Se dio cuenta de que no quería que fuera este el hombre. Se enfrentó al hecho de que en realidad ya no quería encontrarlos. ¿Qué podía hacer si el trompa era Lenny? ¿Cortarle el pescuezo?

La impotencia se apoderó de él.

La muerte de Makwa era algo que había logrado guardar en un compartimiento separado de su mente. Ahora ese compartimiento había quedado abierto, como una caja de Pandora, y sintió que un frío casi olvidado empezaba a crecer en su interior, un frío que no tenía nada que ver con la temperatura de la choza.

Salió y caminó hasta la tienda que hacía las veces de despacho del regimiento. El sargento mayor se llamaba Stephen Douglass, que se escribía con una ese más que el nombre del senador. Se había acostumbrado a ver al médico haciendo sus archivos personales. Le había comentado a Rob J. que jamás había visto un cirujano del ejército tan aficionado a llevar registros médicos completos.

—¿Más papeleo, doctor?

—Un poco.

—Cójalo usted mismo. El enfermero ha ido a buscar un poco de café caliente. Siempre viene bien beber un poco. Simplemente procure no chorrear mis malditos archivos.

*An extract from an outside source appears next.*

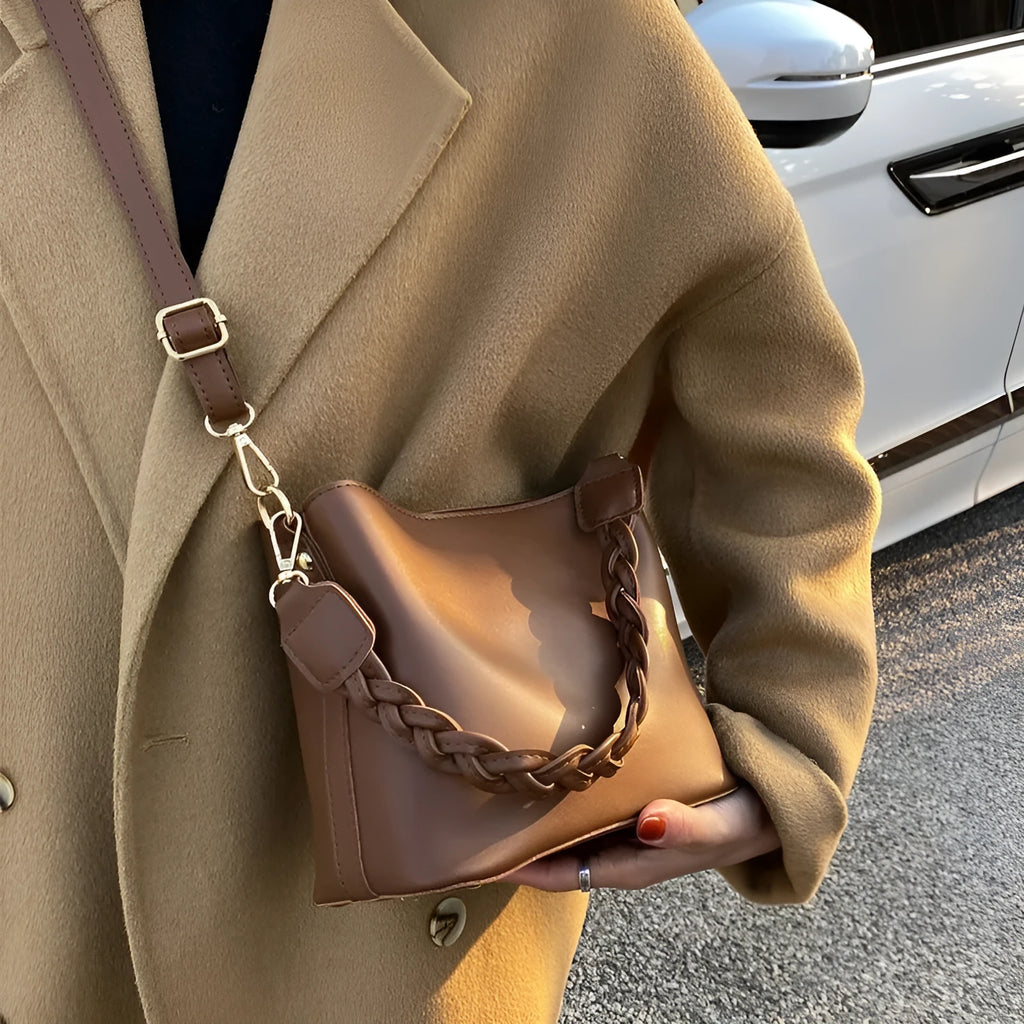 Retro unisex woven PU crossbody bucket bag shown in khaki colour.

Rob J. le prometió que tendría cuidado.

La banda estaba archivada bajo Compañía del Cuartel General. El sargento Douglass guardaba los archivos de cada compañía en una caja gris separada. Rob J. encontró la caja correspondiente a Compañía del Cuartel General, y dentro un grupo de historiales médicos atados con una cuerda, como un fajo diferenciado, con la inscripción «Banda del regimiento 131 de Indiana».

Pasó los historiales uno por uno. En la banda no había nadie que se llamara Leonard, pero cuando Rob J. encontró la ficha, supo al instante y sin vacilaciones que correspondía a ese hombre, de la misma forma que a veces sabía si alguien viviría o moriría.

Ordway, Lanning A., soldado raso. Lugar de residencia, Vincennes, Indiana. Reclutamiento de un año, 28 de julio de 1862.

Reclutamiento, Fort Wayne. Nacimiento, Vincennes, Indiana, 11 de noviembre de 1836. Estatura, 1,72 m. Tez blanca. Ojos grises. Pelo castaño. Reclutado para servicio limitado como músico (corneta mi bemol) y trabajos generales, debido a incapacidad física.